Just when you thought Only Murders in the Building exhausted every cameo opportunity over its four seasons, episode seven gave us yet another surprise in a wig: Melissa McCarthy playing Charles’s estranged younger sister, Doreen, whose house in Suffolk County the trio flees to in fear of being hunted by the unknown killer. Doreen is, to put it in Italian terms, a manciata. Her husband sleeps in a houseboat in their driveway. Her signature cocktail is vodka and Crystal Light. And her doorbell taunts visitors with the opening chords of Billy Joel’s “Scenes From an Italian Restaurant,” taking on the eternally thirsty spirit of a bottle of red and a bottle of white. “Someone should get that,” Oliver sneers at one point, “before we have to hear it again.” Welcome to Strong Island, baby.
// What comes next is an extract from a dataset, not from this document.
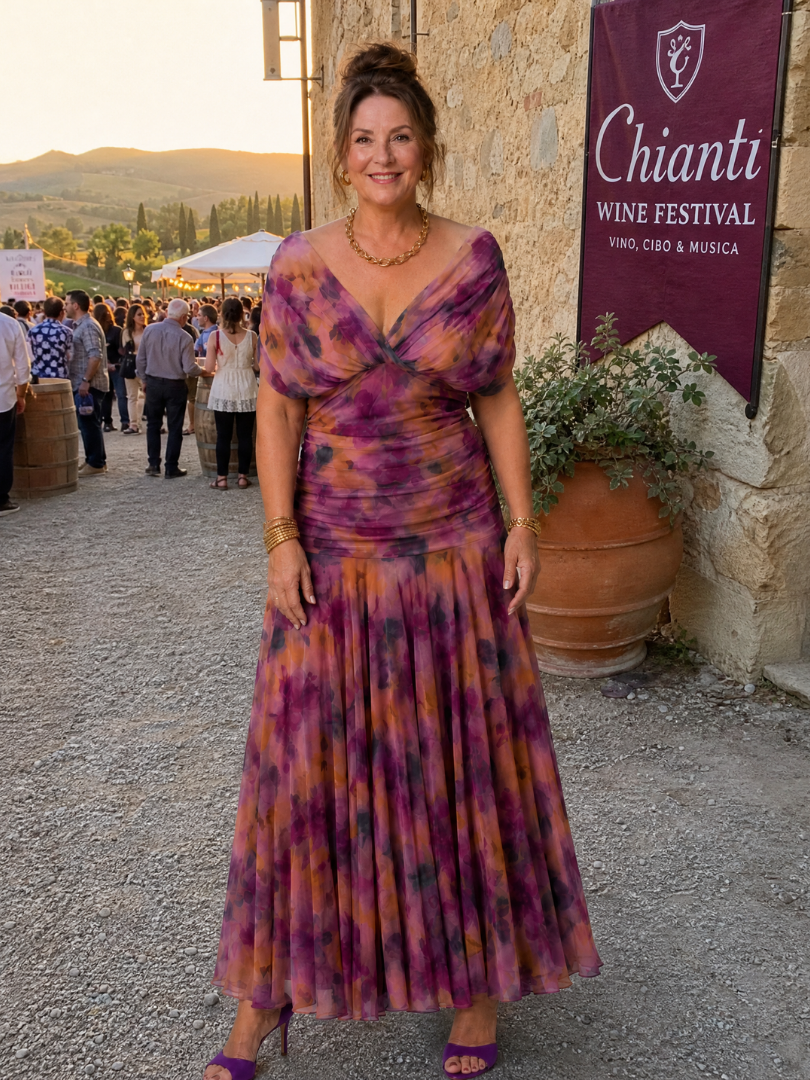 Bruiloft Gast Jurk | Maxi | Off-Shoulder | V-hals-Boutique Moda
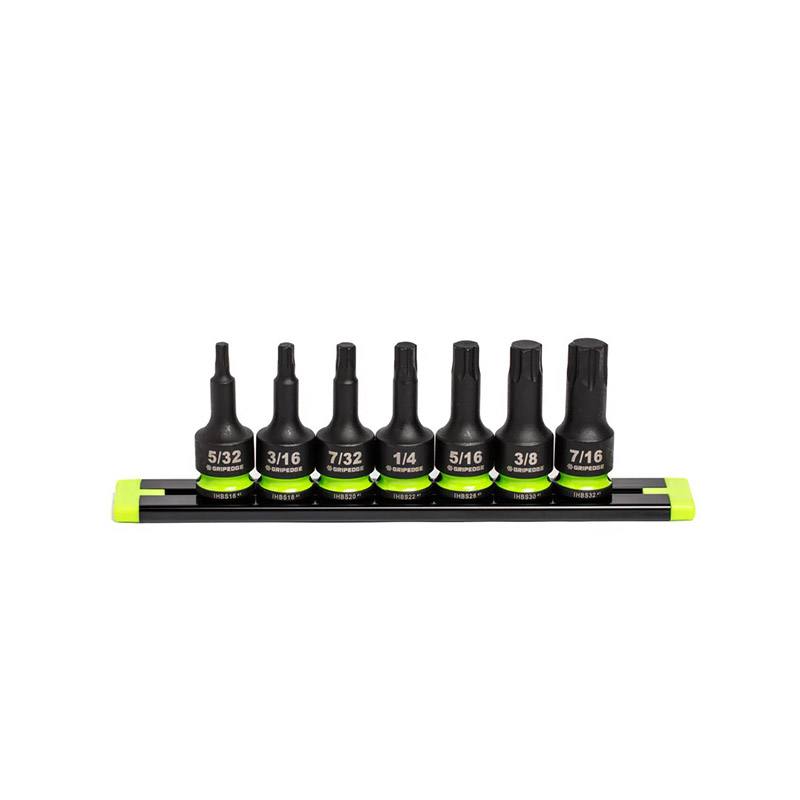 GRIPEDGE - 7-Pc 3/8 Drive Short Metric Impact Hex Driver Set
John Hoffman, Only Murders’ showrunner, insists the inclusion of Joel’s 1977 hit comes from a place of regional love. “It’s very tongue-in-cheek winking for me,” he explains. “I lovingly poke at Long Island throughout the show, and I hope people enjoy the silliness of it and the jokes that come with it. Anyone from the city and anyone especially from Manhattan, as our trio is, feels that way about Long Island.” Hoffman says he was inspired by his aunt and uncle who lived in Suffolk County in a “very similar-looking house” to McCarthy’s character. “Billy Joel is universally beloved, in my experience, in Long Island, and it’s sacrilegious to think otherwise,” he adds. “Doreen and her husband, Big Mike, have that in their house because they think it’s the coolest thing ever. I would think they knew all of the lyrics and sang it the first day they met.”

Hoffman and the show’s production team explored several options from the song, as Joel’s outing from The Stranger clocks in at well over seven minutes and features several melodic peaks. “At one point we tried a much more active lyric: ‘Brenda and Eddie were the popular steadies and the king and the queen of the prom.’ But then I realized, Oh no, this is too much. It’s a hat on a hat.” Whatever they chose, Hoffman stresses, had to evoke repeated disdain from the core trio. “There are all of these reactions to it, like, Oh, for God’s sake, can we please stop hearing that doorbell? If it was a variation, maybe someone might not get as crazy about it,” he notes. “Having ‘a bottle of red, a bottle of white’ over and over again really made me laugh.”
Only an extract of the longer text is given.